Status Update: Coffee supplies strong. Spilled a bit of it on the way back to the Lenovo and it ate a hole through the floor. I had to pause before typing this to wave at my downstairs neighbor, who seemed surprised but happy to see me. Scout's honor. In other news, resolve is mighty. No story started yet. No idea what I'm gonna write, but something will get written. Probably something on the short side. Maybe flash, maybe not.
Back when I was a kid and fresh out of college, I'd spaced out on an application deadline to get into grad school. As a result, I had to get a series of fairly awful jobs to support myself because, as it turns out, starving kind of sucks. I had no real office skills at the time and lacked the self-confidence to apply for a "real job", so I just took what I could find.

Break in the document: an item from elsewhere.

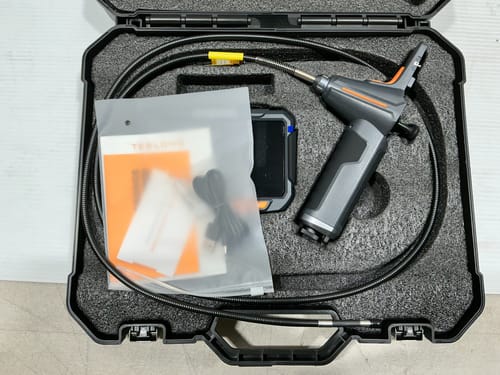 slide-items-2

One of the jobs involved warehousing ice cream for a company which handled distribution for a big local grocery chain. Even though it was the hottest summer in recent memory, with temperatures hovering around the three digit mark for weeks on end and endless blasting sunshine from sun-up to sun-down, I had to invest in arctic gear. I'd spend anywhere from 50 to 70 hours a week loading boxes of ice cream into large semi trailers while slogging around in a warehouse which was kept at a near-constant twenty below, except on Sundays, when it dropped to minus thirty. I had two days off per week, unless the job load demanded we cancel one, and they were not contiguous.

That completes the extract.